Input for this task =>
----------

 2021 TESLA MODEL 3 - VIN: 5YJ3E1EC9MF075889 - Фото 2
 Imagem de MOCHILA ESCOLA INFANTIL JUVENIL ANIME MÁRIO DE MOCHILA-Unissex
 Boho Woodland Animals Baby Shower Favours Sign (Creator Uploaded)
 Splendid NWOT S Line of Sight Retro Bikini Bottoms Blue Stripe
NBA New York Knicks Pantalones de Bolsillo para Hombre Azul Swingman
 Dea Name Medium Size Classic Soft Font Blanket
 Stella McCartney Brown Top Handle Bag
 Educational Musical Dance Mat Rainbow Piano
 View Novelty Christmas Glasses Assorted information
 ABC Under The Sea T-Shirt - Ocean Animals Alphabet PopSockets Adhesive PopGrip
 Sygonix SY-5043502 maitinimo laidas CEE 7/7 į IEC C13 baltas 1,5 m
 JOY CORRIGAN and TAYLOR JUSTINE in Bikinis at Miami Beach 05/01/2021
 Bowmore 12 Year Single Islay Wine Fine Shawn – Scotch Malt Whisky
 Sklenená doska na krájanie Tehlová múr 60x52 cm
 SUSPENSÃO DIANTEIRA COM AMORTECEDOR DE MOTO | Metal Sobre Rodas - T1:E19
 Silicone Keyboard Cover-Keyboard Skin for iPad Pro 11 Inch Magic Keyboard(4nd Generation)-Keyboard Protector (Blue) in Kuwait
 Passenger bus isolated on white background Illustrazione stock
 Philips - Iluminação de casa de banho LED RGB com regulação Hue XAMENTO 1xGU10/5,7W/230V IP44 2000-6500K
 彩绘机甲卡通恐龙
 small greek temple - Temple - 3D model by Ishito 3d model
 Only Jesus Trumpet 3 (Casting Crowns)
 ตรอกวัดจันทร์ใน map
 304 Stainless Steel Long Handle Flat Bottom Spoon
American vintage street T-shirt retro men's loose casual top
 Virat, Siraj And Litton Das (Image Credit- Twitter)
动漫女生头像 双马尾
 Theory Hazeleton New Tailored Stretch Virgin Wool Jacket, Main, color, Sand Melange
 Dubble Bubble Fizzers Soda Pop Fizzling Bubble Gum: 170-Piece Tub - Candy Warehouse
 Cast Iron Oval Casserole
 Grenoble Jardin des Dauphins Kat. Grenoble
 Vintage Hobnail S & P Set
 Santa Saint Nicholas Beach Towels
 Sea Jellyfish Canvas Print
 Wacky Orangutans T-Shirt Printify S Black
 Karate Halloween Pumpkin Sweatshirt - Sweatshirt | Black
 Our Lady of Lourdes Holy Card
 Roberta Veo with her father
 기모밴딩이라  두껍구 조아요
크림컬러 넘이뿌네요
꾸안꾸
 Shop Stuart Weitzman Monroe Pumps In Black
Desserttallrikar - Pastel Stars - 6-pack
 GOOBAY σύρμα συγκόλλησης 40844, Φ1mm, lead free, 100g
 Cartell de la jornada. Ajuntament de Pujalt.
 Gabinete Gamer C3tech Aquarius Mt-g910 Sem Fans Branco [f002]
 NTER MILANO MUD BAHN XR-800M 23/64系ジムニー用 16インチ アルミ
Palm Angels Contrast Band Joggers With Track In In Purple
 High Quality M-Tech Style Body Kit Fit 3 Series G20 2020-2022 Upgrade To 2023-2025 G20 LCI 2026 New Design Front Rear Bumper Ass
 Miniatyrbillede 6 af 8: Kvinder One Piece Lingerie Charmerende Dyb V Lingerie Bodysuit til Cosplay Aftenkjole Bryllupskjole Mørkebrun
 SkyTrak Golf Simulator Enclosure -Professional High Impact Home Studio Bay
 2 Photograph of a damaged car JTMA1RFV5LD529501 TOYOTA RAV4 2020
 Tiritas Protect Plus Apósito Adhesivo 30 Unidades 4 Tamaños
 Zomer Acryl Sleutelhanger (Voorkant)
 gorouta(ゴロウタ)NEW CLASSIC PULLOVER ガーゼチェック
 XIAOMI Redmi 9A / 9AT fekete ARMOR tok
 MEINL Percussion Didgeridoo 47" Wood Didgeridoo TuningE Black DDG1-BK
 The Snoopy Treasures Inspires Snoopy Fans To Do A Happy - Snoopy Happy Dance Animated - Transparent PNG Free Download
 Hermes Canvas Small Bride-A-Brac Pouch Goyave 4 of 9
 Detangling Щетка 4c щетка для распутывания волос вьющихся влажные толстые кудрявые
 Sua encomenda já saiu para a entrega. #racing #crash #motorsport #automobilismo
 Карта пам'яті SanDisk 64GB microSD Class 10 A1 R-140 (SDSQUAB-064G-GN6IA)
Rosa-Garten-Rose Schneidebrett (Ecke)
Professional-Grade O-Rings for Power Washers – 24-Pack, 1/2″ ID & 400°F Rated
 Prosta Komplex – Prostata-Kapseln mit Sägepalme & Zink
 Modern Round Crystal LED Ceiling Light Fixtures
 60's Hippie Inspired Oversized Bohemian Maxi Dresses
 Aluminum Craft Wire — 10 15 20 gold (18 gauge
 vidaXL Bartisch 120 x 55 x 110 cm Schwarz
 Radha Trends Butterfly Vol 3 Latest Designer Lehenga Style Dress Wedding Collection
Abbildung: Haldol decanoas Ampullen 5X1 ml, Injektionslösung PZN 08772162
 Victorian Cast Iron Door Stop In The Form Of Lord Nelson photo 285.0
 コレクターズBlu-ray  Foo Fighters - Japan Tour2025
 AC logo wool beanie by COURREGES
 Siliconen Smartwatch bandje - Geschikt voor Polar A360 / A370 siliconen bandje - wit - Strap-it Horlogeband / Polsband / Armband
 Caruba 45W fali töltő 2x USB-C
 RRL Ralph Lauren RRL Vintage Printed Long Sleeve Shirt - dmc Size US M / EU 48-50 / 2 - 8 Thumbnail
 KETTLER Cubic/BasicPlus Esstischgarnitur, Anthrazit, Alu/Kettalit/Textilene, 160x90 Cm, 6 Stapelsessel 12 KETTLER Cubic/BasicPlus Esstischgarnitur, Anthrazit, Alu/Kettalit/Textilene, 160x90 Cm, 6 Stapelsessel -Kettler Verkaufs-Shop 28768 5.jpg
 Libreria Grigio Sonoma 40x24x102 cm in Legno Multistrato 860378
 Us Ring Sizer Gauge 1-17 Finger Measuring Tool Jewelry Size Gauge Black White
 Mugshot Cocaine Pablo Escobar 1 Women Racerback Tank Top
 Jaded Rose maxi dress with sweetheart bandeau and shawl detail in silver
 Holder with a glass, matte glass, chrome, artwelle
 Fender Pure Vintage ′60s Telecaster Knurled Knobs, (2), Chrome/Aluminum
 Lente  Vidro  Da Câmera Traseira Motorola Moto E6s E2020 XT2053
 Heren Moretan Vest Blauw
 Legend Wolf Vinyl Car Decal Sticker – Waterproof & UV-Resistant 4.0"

----------

In the listing above, find the line holding "Santa Saint Nicholas Beach Towels" and the line holding "Palm Angels Contrast", then output those two lines and every line between them exactly.

 Santa Saint Nicholas Beach Towels
 Sea Jellyfish Canvas Print
 Wacky Orangutans T-Shirt Printify S Black
 Karate Halloween Pumpkin Sweatshirt - Sweatshirt | Black
 Our Lady of Lourdes Holy Card
 Roberta Veo with her father
 기모밴딩이라  두껍구 조아요
크림컬러 넘이뿌네요
꾸안꾸
 Shop Stuart Weitzman Monroe Pumps In Black
Desserttallrikar - Pastel Stars - 6-pack
 GOOBAY σύρμα συγκόλλησης 40844, Φ1mm, lead free, 100g
 Cartell de la jornada. Ajuntament de Pujalt.
 Gabinete Gamer C3tech Aquarius Mt-g910 Sem Fans Branco [f002]
 NTER MILANO MUD BAHN XR-800M 23/64系ジムニー用 16インチ アルミ
Palm Angels Contrast Band Joggers With Track In In Purple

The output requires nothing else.